Century Marks: Voices of 2006

December 26, 2006
© Aislin, the Montreal Gazette

“Jesus was quite serious when he said that God was our father, that we belonged all to one family, because in this family all, not some, are insiders. Bush, bin Laden, all belong, gay, lesbian, so-called straight—all belong and are loved, are precious.”

—Retired Anglican archbishop Desmond Tutu of South Africa, addressing the Ninth Assembly of the World Council of Churches in Brazil

“The most shocking thing for me was to work hard for several hours, raise up my head, look around and realize how little we accomplished. There is an awesome need for people to come to Louisiana as work teams. The need will go on for years.”

—United Methodist bishop Tom Bickerton, about the continuing needs in Louisiana after getting a firsthand view of hurricane damage

“It is certainly not in keeping with my understanding of the scriptures because this bill would literally criminalize the Good Samaritan and probably even Jesus himself.”

—Senator Hillary Rodham Clinton (D., N.Y.), speaking out against a House bill that would impose criminal penalties on those who assist undocumented immigrants

“Our Torah explicitly commands us, ‘Thou shall not stand idle while thy neighbor bleeds.’ This country must take the lead. Stopping genocide is not a Democratic or Republican issue. It is a moral issue.”

—Rabbi Robert Levine, president of the New York Board of Rabbis, urging stronger action to end genocide in Darfur, Sudan

“I have been told that Your Excellency follows the teachings of Jesus . . . and believes in the divine promise of the rule of the righteous on Earth. If Prophet Abraham, Isaac, Jacob, Ishmael, Joseph or Jesus Christ . . . were with us today, how would they have judged such behavior?”

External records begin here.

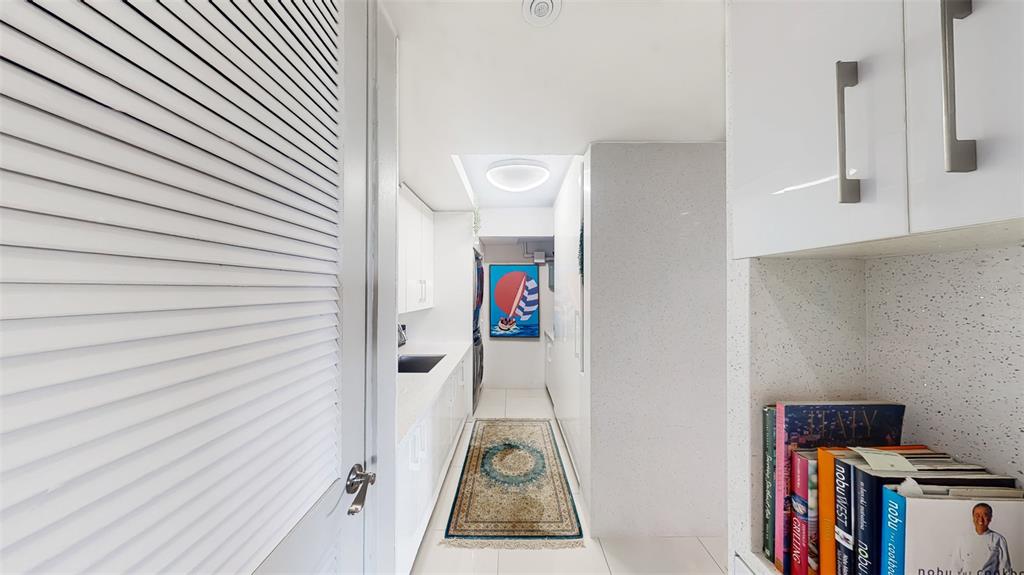 A narrow, white-toned kitchen features a patterned rug, sleek cabinetry, and a framed sailboat print — 00690 COND TREASURE POINT UNIT 372, VEGA ALTA, PR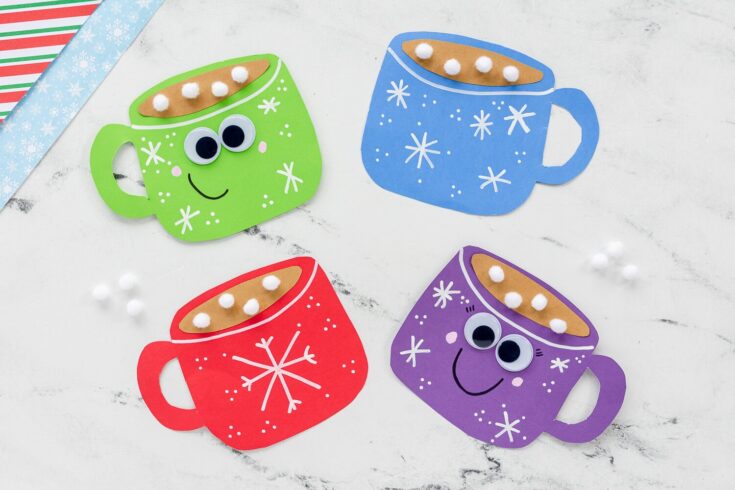 Colorful Christmas mug crafts with googly eyes and paper snowflake designs, perfect for holiday decorations and kids' craft activities.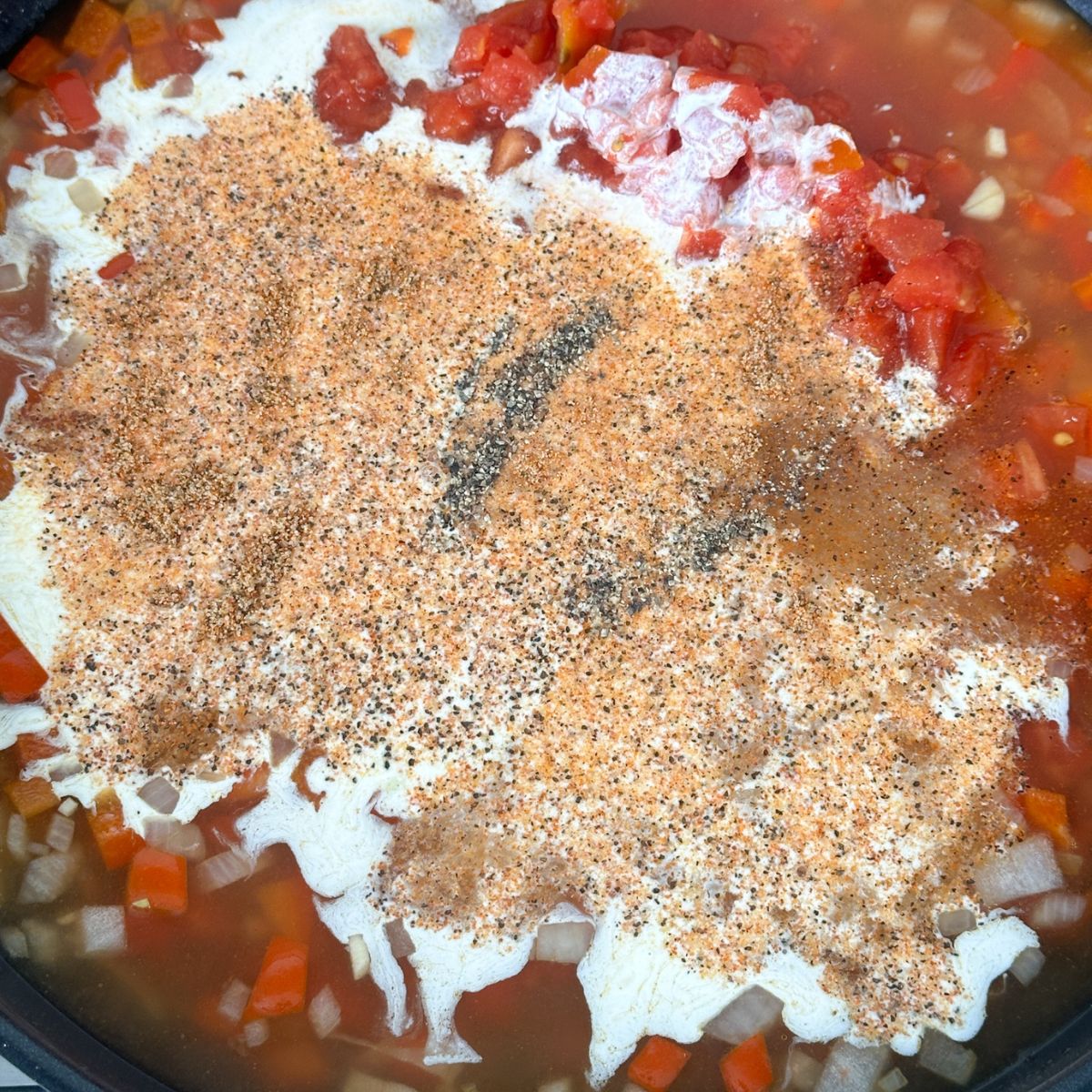 Skillet with diced tomatoes, cream, and seasonings.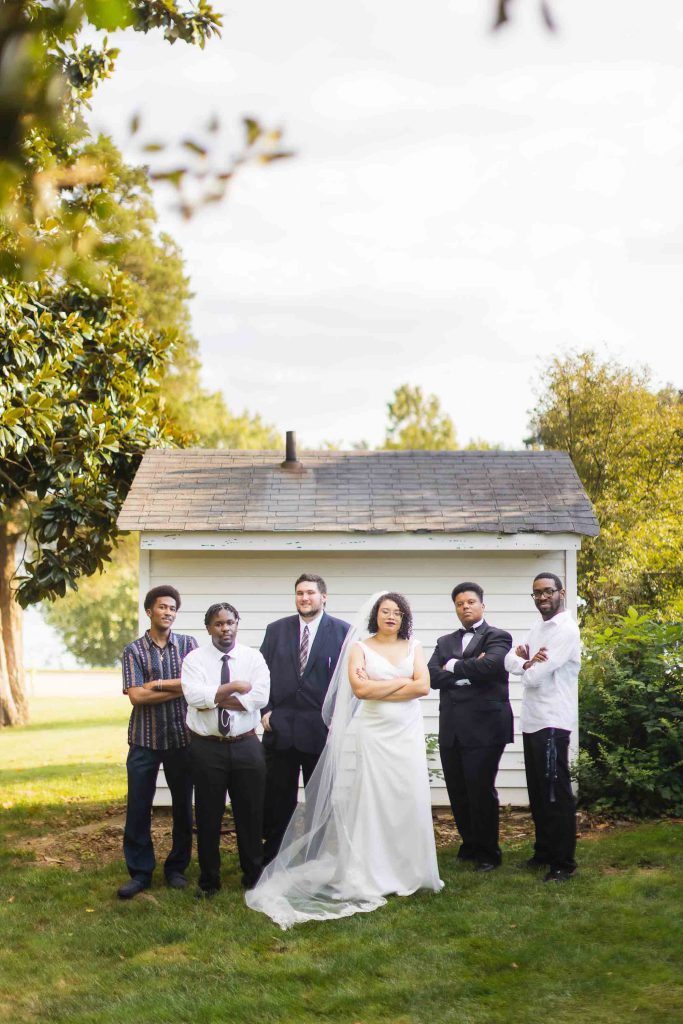 A wedding portrait of bridesmaids and groomsmen posing in front of a house.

—Iranian president Mahmoud Ahmadinejad, in a letter to President Bush challenging him to follow Jesus’ teachings more closely

“If some in this church feel wounded by recent decisions, then our salvation or health as a body is at some hazard, and it becomes the duty of all of us to seek healing and wholeness.”

Katharine Jefferts Schori, the first woman chosen as Episcopal presiding bishop, referring to Episcopal controversies about the ordination of gay bishops and the blessing of same-sex unions

“Occasional drop-bys and clunky dropping of biblical references aren’t going to do the trick. These voters weren’t born again yesterday.”

—Washington Post editorial writer Ruth Marcus, discussing Democrats’ attempts to persuade evangelical Christian voters to consider becoming Democrats

“Even though there’s been this terrible thing happen, we don’t need to think about judgment, we need to think about forgiveness and going on.”

—Amishman in response to the schoolhouse shooting of Amish girls in Pennsylvania

“I’m praying for Haggard, as I hope he is praying for me and every sinner. But the lesson of this to the religious right surely is ‘go and sin no more.’ Stop the lies. Stop the bigotry. Deal with the reality of gay people, our souls, our wounded hearts, our humanity, our right to be treated equally by our own government. It’s what Jesus did. And it is your true calling now.”

—Columnist and author Andrew Sullivan, reacting to the scandal surrounding Ted Haggard, former president of the National Association of Evangelicals, who resigned that post after a male escort said Haggard had paid him for sex and had bought drugs

“It’s a shame that as an African American and a Muslim I have the double whammy of having to worry about driving while black and flying while Muslim.”

Mahdi Bray, executive director of the Washington-based Muslim American Society Freedom Foundation, reacting to the removal of six imams from a US Airways flight in November

“Those are decisions only the Lord will make. It would be foolish for me to speculate on who will be there and who won’t. . . . I don’t want to speculate about all that. I believe the love of God is absolute. He said he gave his son for the whole world, and I think he loves everybody regardless of what label they have.”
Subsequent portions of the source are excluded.